Most of the problems can be divided into 2 groups:
1) People who look at the results regularly, and
2) Those who just join and then forget about it.

Neither group should have to worry about results failing that is on those running the project to make sure their software is operating correctly and robust to using the donated resources efficiently with the least amount of waste or the researchers should not be recruiting the general public. BOINC projects are designed to be installed and able to be left alone. Anything less and the project is not mature for public participation.


The 2 main problems are:
1) Those who run 64 bit Linux and don't know that they also need 32 bit libraries.
And a sub-group of these who only need one more lib, but don't check to see this.

There should be zero expectation of participants to install extra libraries. Instead the lack of these should be detected by the project to not send work units to these computers or provide necessary the library locally. There should not be a constant stream of errors and wasted resources from volunteers due to the project providing work units to computers that do no have sufficient environments. If providing them locally is not possible then the project should be running in a virtual machine to have full environment control.

Regarding the 32 bit libraries needed on a 64 bit Linux machine there is insufficient documentation for this and that needs to be moved to a more visible location than the sticky in the linux section of the forums the join instructions would be one additional place to note this for reference. BOINC notifications would be appropriate starting point to notify computers missing the libraries to help bring them into compliance before an automated mean could be implemented. Participants shouldn't have to sift through the entire thread to find libraries that may need to be installed.

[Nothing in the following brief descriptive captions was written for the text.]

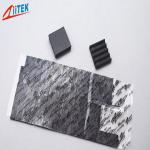 0.5mmt High Durability Silicone Gap Filler Pads For Led Panellight for sale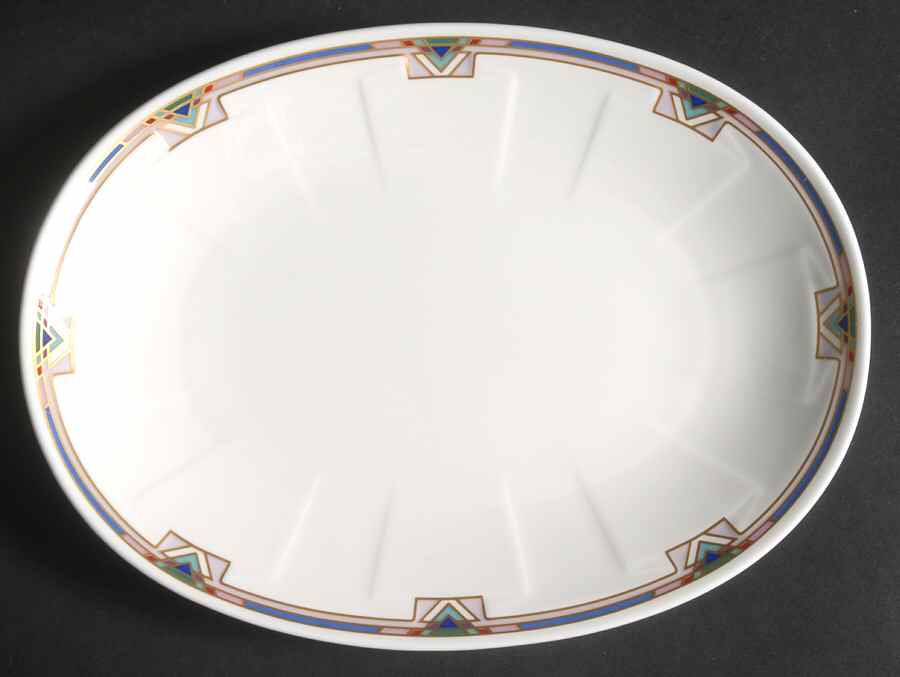 Park Avenue Relish/Gravy Underplate by Villeroy & Boch-1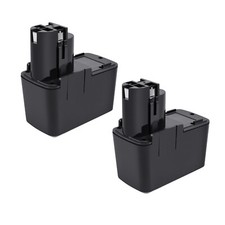 2Pcs 12V 5AH Akkus für Bosch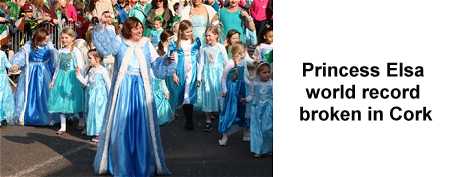 Princess Elsa World Record 2015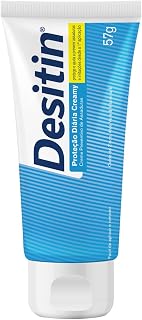 Creme Preventivo de Assaduras para Bebês Desitin Creamy, 57g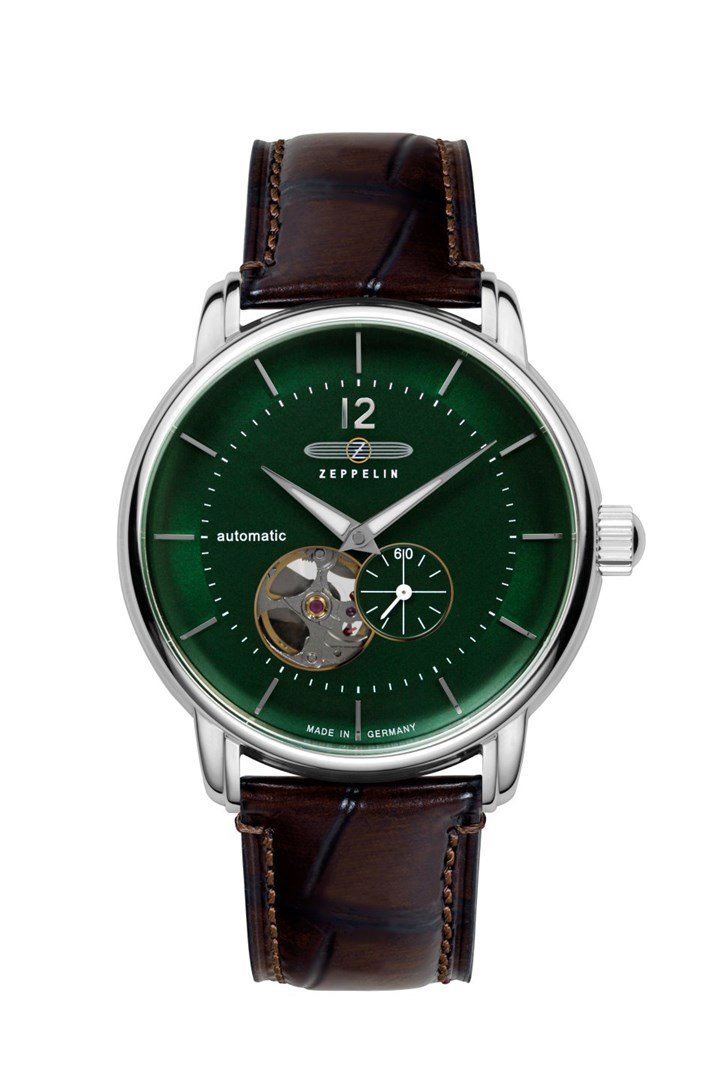Zeppelin Bodensee 8166-4 automatik watch #1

2) Windows users who let MS update their computer whenever MS wants to, meaning a re-boot while models are running.

In all of the above, there's also failing hardware, incorrect permissions, running out of disk space due to lots of failed models taking up HD space, and not enough ram.


The whole point of checkpointing is to resume where unexpectedly interrupted actions occur. The app should recognise an invalid exit and attempt resuming from the last checkpoint.

I'm well aware with the issue that could arise given I've watched BOINC evolve from day one. I expect climateprediction.net to have a more robust approach to their project maintance given how long they have been using BOINC not just a pretty website and highly valuable scienctific project that is perfectly paired for engaging the public.[/quote]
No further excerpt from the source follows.